Supporters of the local resolutions say their point is not to meddle in the federal government's business. But they say they do hope to put pressure on the federal government to change its policy of deporting more than 95 percent of the Central Americans it apprehends. The Reagan administration maintains that the great majority of Central American aliens are here for economic, and not political, reasons, and thus do not qualify for refugee status.
``The US Supreme Court has said that immigration matters are to be handled by Congress and the appropriate federal agencies, and we agree,'' says Tom Sharpe, an aide to Governor Anaya.
``But our hope, and the point of our proclamation,'' Mr. Sharpe says, ``is to spur Washington to reconsider its laws and how it carries them out.''
When Governor Anaya announced his proclamation March 28, he said he hoped it would have a ``snowball effect'' on other state and local governments. Since then, however, Gov. Mark White of Texas and Gov. Bruce Babbitt of Arizona, Anaya's neighbors on the Mexican border, have both stated their opposition to state action.
But a New York state assemblyman says Governor Anaya's action prompted him to begin work on a sanctuary resolution he plans to introduce as early as this week to the New York Assembly. And officials in King County, Washington, are also considering a sanctuary measure. King County contains Seattle, which in December approved one of the country's strongest sanctuary resolutions.
The problem, according to the INS, is that such proclamations encourage Central Americans -- and other foreigners as well -- to believe that the US is ready to accommodate them with open arms.

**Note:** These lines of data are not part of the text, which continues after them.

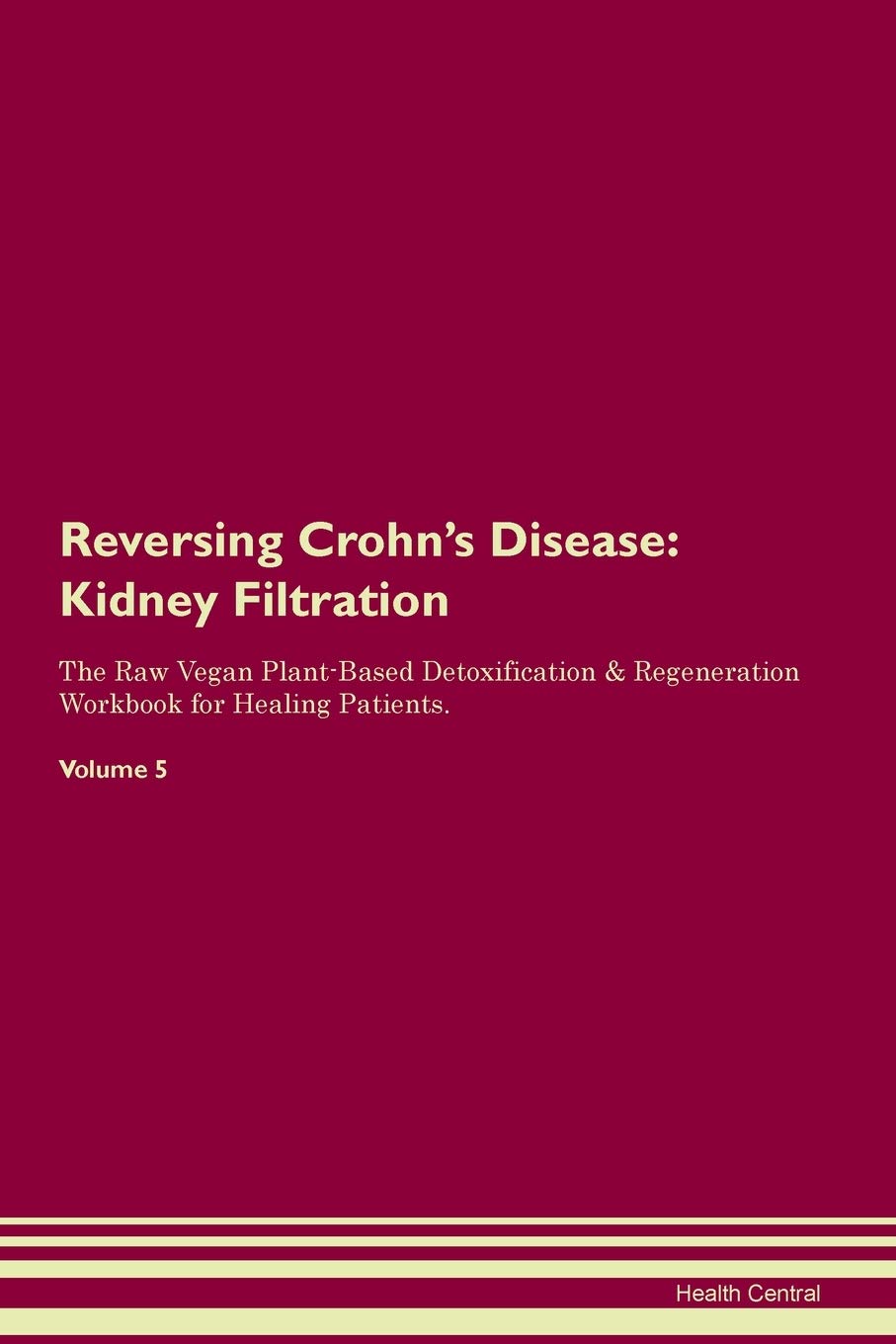 Reversing Crohn's Disease: Kidney Filtration The Raw Vegan Plant-Based Detoxification & Regeneration Workbook for Healing Patients. Volume 5 Medicine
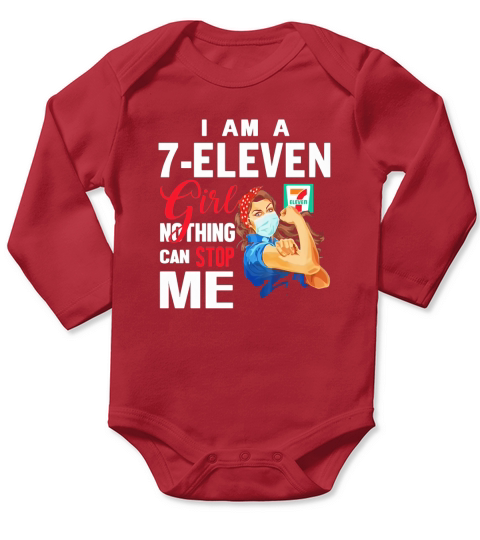 I am a 7-Eleven girl nothing can stop me Coronavirus shirth Long Sleeve Baby One-Piece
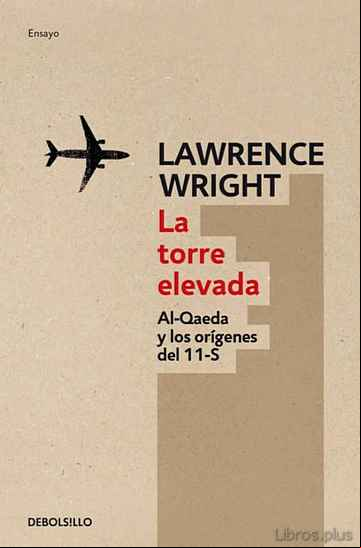 Descargar gratis ebook LA TORRE ELEVADA. AL QAEDA Y LOS ORIGENES DEL 11S en epub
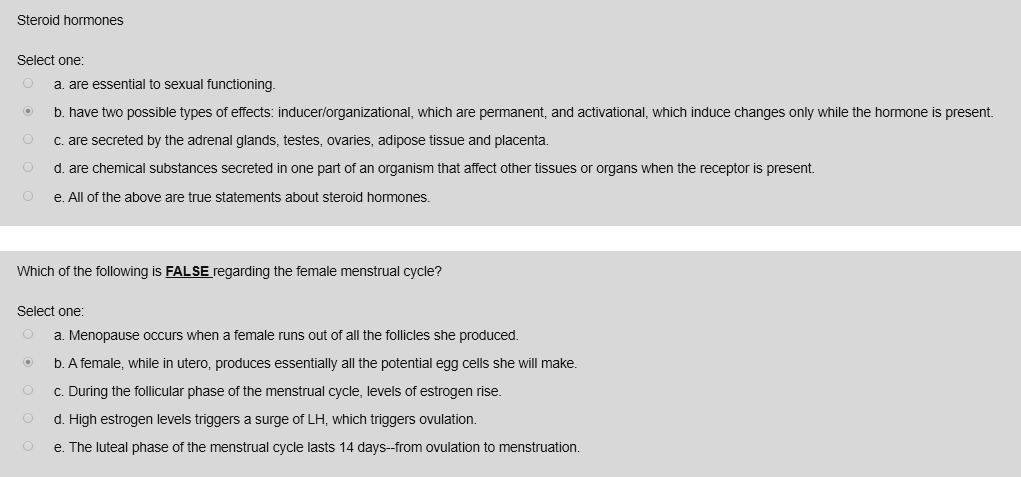 Steroid hormones

Select one:
a. are essential to sexual functioning.
b. have two possible types of effects: inducer/organizational, which are permanent, and activational, which induce changes only while the hormone is present.
c. are secreted by the adrenal glands, testes, ovaries, adipose tissue and placenta.
d. are chemical substances secreted in one part of an organism that affect other tissues or organs when the receptor is present.
e. All of the above are true statements about steroid hormones.

Which of the following is FALSE regarding the female menstrual cycle?

Select one:
a. Menopause occurs when a female runs out of all the follicles she produced.
b. A female, while in utero, produces essentially all the potential egg cells she will make.
c. During the follicular phase of the menstrual cycle, levels of estrogen rise.
d. High estrogen levels triggers a surge of LH, which triggers ovulation.
e. The luteal phase of the menstrual cycle lasts 14 days–from ovulation to menstruation.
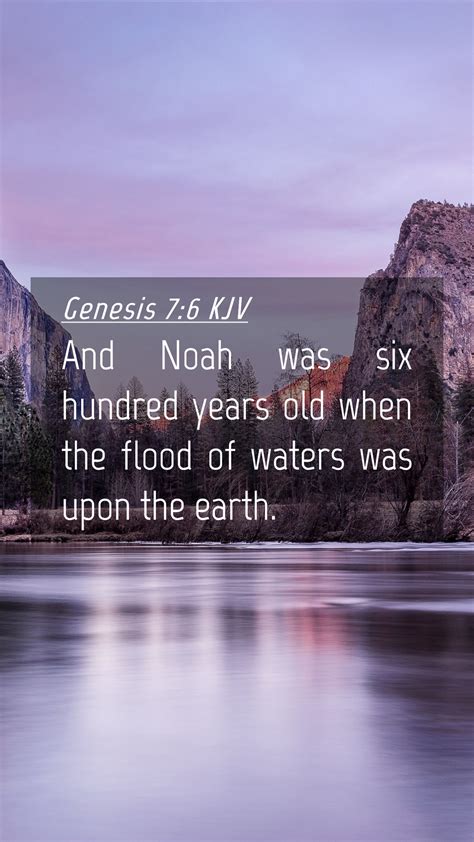 Genesis Kjv Mobile Phone Wallpaper And Noah Was Six Hundred Years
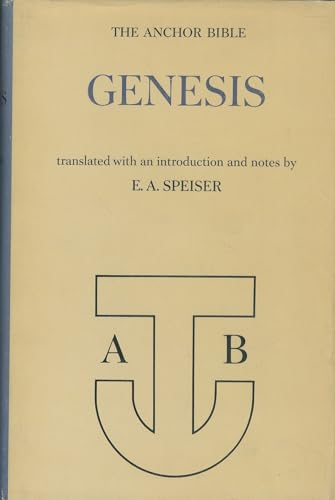 Genesis: Introduction, Translation, and Notes (The Anchor Bible, Vol. 1)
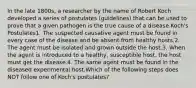 In the late 1800s, a researcher by the name of Robert Koch developed a series of postulates (guidelines) that can be used to prove that a given pathogen is the true cause of a disease.Koch's Postulates1. The suspected causative agent must be found in every case of the disease and be absent from healthy hosts.2. The agent must be isolated and grown outside the host.3. When the agent is introduced to a healthy, susceptible host, the host must get the disease.4. The same agent must be found in the diseased experimental host.Which of the following steps does NOT follow one of Koch's postulates?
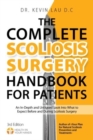 Image for The Complete Scoliosis Surgery Handbook for Patients (2nd Edition) : An In-Depth and Unbiased Look Into What to Expect Before and During Scoliosis Surgery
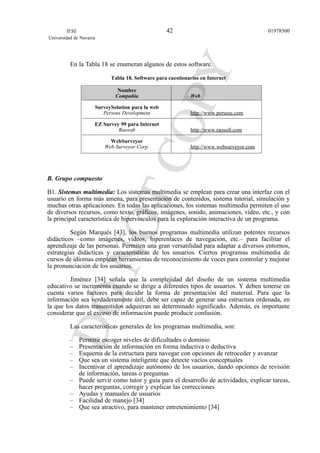 En la Tabla 18 se enumeran algunos de estos software.
Tabla 18. Software para cuestionarios en Internet
Nombre
Compañía Web
SurveySolution para la web
Perseus Development http://www.perseus.com
EZ Survey 99 para Internet
Raosoft http://www.raosoft.com
WebSurveyor
Web Surveyor Corp. http://www.websurveyor.com
B. Grupo compuesto
B1. Sistemas multimedia: Los sistemas multimedia se emplean para crear una interfaz con el
usuario en forma más amena, para presentación de contenidos, sistema tutorial, simulación y
muchas otras aplicaciones. En todas las aplicaciones, los sistemas multimedia permiten el uso
de diversos recursos, como texto, gráficos, imágenes, sonido, animaciones, vídeo, etc., y con
la principal característica de hipervínculos para la exploración interactiva de un programa.
Según Marqués [43], los buenos programas multimedia utilizan potentes recursos
didácticos –como imágenes, vídeos, hiperenlaces de navegación, etc.– para facilitar el
aprendizaje de las personas. Permiten una gran versatilidad para adaptar a diversos entornos,
estrategias didácticas y características de los usuarios. Ciertos programas multimedia de
cursos de idiomas emplean herramientas de reconocimiento de voces para controlar y mejorar
la pronunciación de los usuarios.
Jiménez [34] señala que la complejidad del diseño de un sistema multimedia
educativo se incrementa cuando se dirige a diferentes tipos de usuarios. Y deben tenerse en
cuenta varios factores para decidir la forma de presentación del material. Para que la
información sea verdaderamente útil, debe ser capaz de generar una estructura ordenada, en
la que los datos transmitidos adquieran un determinado significado. Además, es importante
considerar que el exceso de información puede producir confusión.
Las características generales de los programas multimedia, son:
– Permitir escoger niveles de dificultades o dominio
– Presentación de información en forma inductiva o deductiva
– Esquema de la estructura para navegar con opciones de retroceder y avanzar
– Que sea un sistema inteligente que detecte vacíos conceptuales
– Incentivar el aprendizaje autónomo de los usuarios, dando opciones de revisión
de información, tareas o preguntas
– Puede servir como tutor y guía para el desarrollo de actividades, explicar tareas,
hacer preguntas, corregir y explicar las correcciones
– Ayudas y manuales de usuarios
– Facilidad de manejo [34]
– Que sea atractivo, para mantener entretenimiento [34]
IESE
Universidad de Navarra
0197850042
 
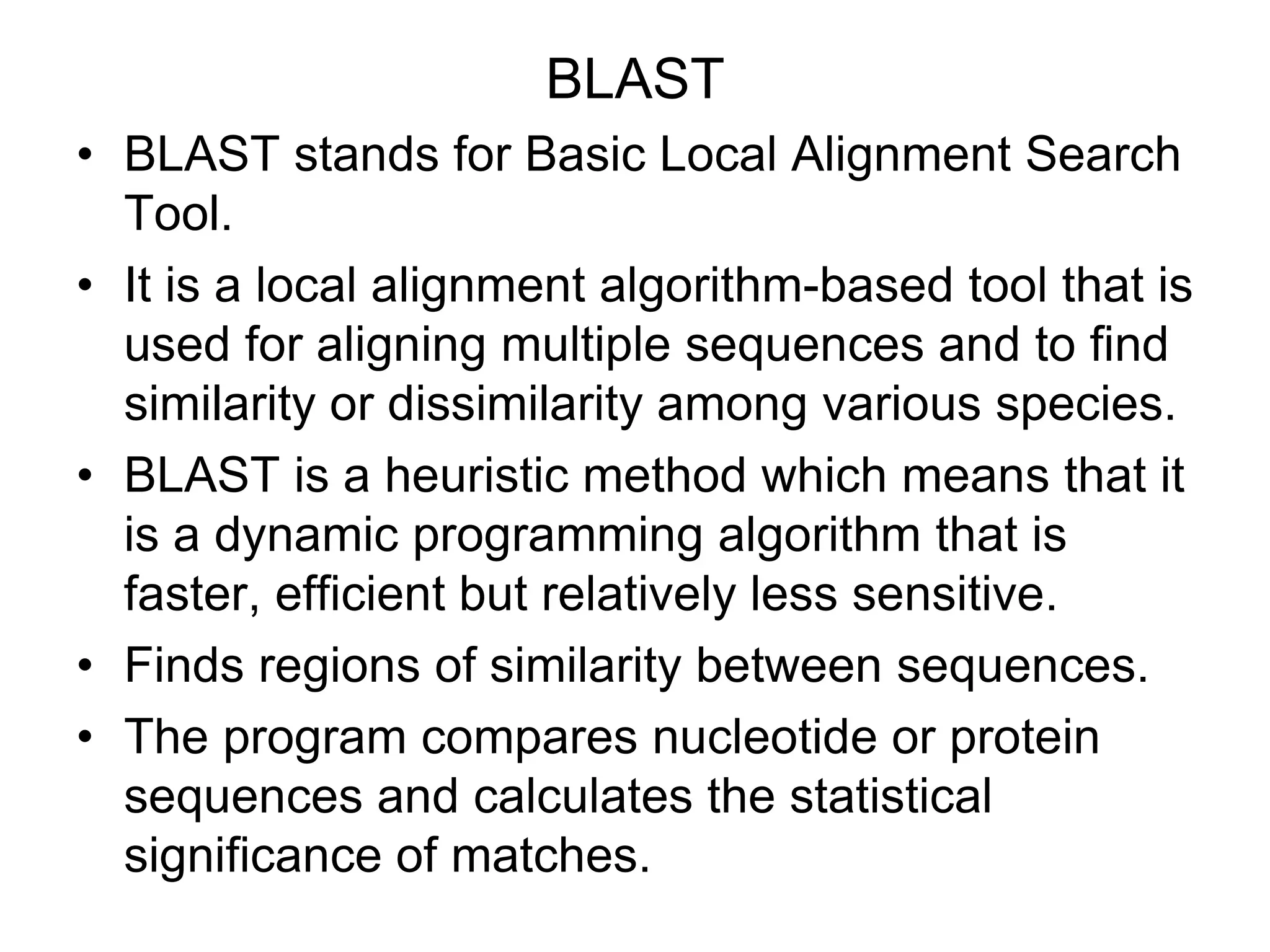BLAST
• BLAST stands for Basic Local Alignment Search
Tool.
• It is a local alignment algorithm-based tool that is
used for aligning multiple sequences and to find
similarity or dissimilarity among various species.
• BLAST is a heuristic method which means that it
is a dynamic programming algorithm that is
faster, efficient but relatively less sensitive.
• Finds regions of similarity between sequences.
• The program compares nucleotide or protein
sequences and calculates the statistical
significance of matches.
 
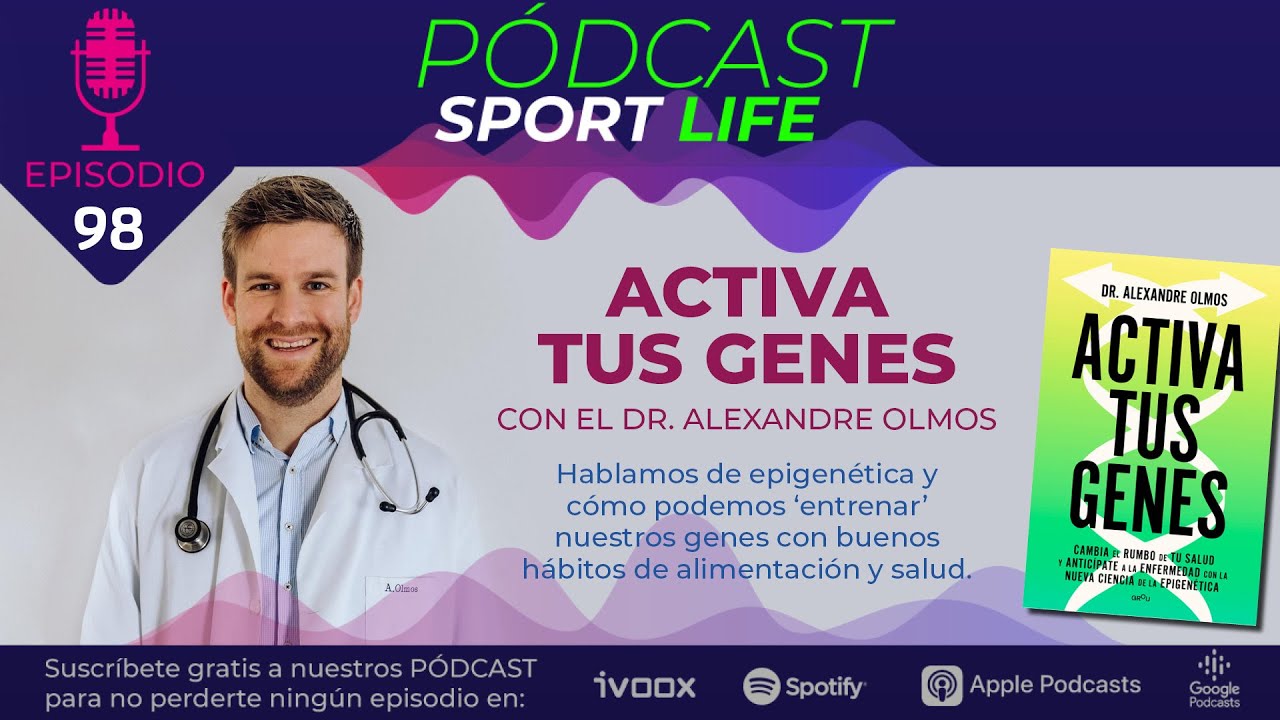 Pódcast 98: Activa tus genes con el Dr. Alexandre Olmos (@Dr. Alexandre Olmos)  | SPORT LIFE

``I know [Governor Anaya] believes his proclamation has no legal effect, but the alien could easily misunderstand it,'' says Jim Lucas, officer in charge of the INS office in Albuquerque, N.M.
He adds: ``The people we're denying asylum to simply are not refugees. It's not some whim coming out of Washington, it's the law, and it conforms with the Geneva Convention [provisions on] refugees.''
``The INS explanation that these people are coming here only for economic improvement is obviously inaccurate,'' says Richard Sinkin, a specialist in Latin American studies at the University of Texas. ``But the sanctuary people need to acknowledge that they do come for economic, as well as political reasons.''
However the controversy develops, many experts don't expect it to have much effect on Central Americans considering the journey to ``El Norte.''
``[Sanctuary] is an extension of a long tradition of people coming across the border for political reasons,'' says Oscar Martinez, director of the Center for Inter-American and Border Studies at the University of Texas at El Paso. He notes, for example, that hundreds of Mexicans were accommodated in El Paso when Pancho Villa took control of Chihuahua in 1913.